Labour pledges to scrap new arts centre and Old River Lane development
East Herts District Council (EHC) have been trying to develop Old River Lane (ORL)/Causeway into the town’s second shopping centre for the last decade. We need to ask, is it still sensible to develop the site? Even the most successful retailers such as M&S, Next, and Waitrose, are closing stores nationally. John Timpson, the entrepreneur with a company to his name believes we only need about half the high street shops there are currently.
In 2009 EHC sold the ORL/Causeway site for development, cheaply at £2.35m to Henderson Global Investors. Henderson had £105m plans for a John Lewis store, 35 shops, a cinema, an underground car park, 100 flats and a hotel. In 2015, Henderson decided it was not commercially viable and put the site up for sale. EHC bought back an enlarged site for £19.55m. Making a £13.49m loss to the taxpayer, on the original site, and at least another £1m overpaid for the expanded site. They also bought three terraced houses on ORL for £778k each, when they were worth at most £450k. EHC’s squandering of public money in pursuit of a profit in developing ORL/Causeway has been consistent throughout and completely unchecked due it being a one-party council and the Tories being unwilling to scrutinise their party leaders’ decisions, no matter how wasteful of taxpayer funds.
The buyback losses stoked EHC’s desperation to develop the site, at almost any cost, to move the narrative on from the £13.5m+ Henderson Causeway scandal. While it solves a political embarrassment for the Tories the development is not justified by any other criteria.
To entice new developers to invest, the council have had to fund a replacement car park from public money, the £19m Northgate End multi-storey, and a £28m arts centre. The developer can specify and profit from the flats, as they want; the part of the development that will make a profit. The smart money, like Henderson, is getting out of retail. The business case for a new shopping area is not viable now, without huge public subsidy, and will be much worse in a few years time. Stortford cannot support significant numbers of new shops and ORL is too important a site to just turn into flats.
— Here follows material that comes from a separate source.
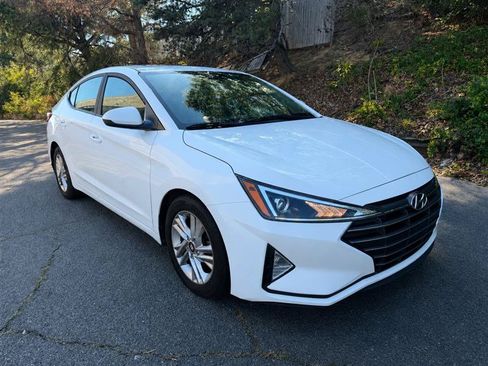 Used 2020 Hyundai Elantra Value Edition w/ Cargo Package (C1) FWD image 8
If ORL was developed with the current plans it would make all town centre businesses less viable and pull trade from South Street shops northwards.
The arts centre could be developed independently but only with public money and will need support at least double the Rhodes centre's current subsidy. As the arts centre intends to compete with the Rhodes (whose subsidy the town council are refusing to guarantee) and has cinema screens competing with the Empire Cinema, it is highly likely the Rhodes and Empire would fold, so displacing rather than adding to the town’s arts offering. A Labour council will cancel the whole ORL development including the Northgate End multi-storey, as the parking problems would be more effectively solved by extra capacity at the Goods Yard, and be £19m cheaper. We will also ensure the Rhodes Centre's funding and its future.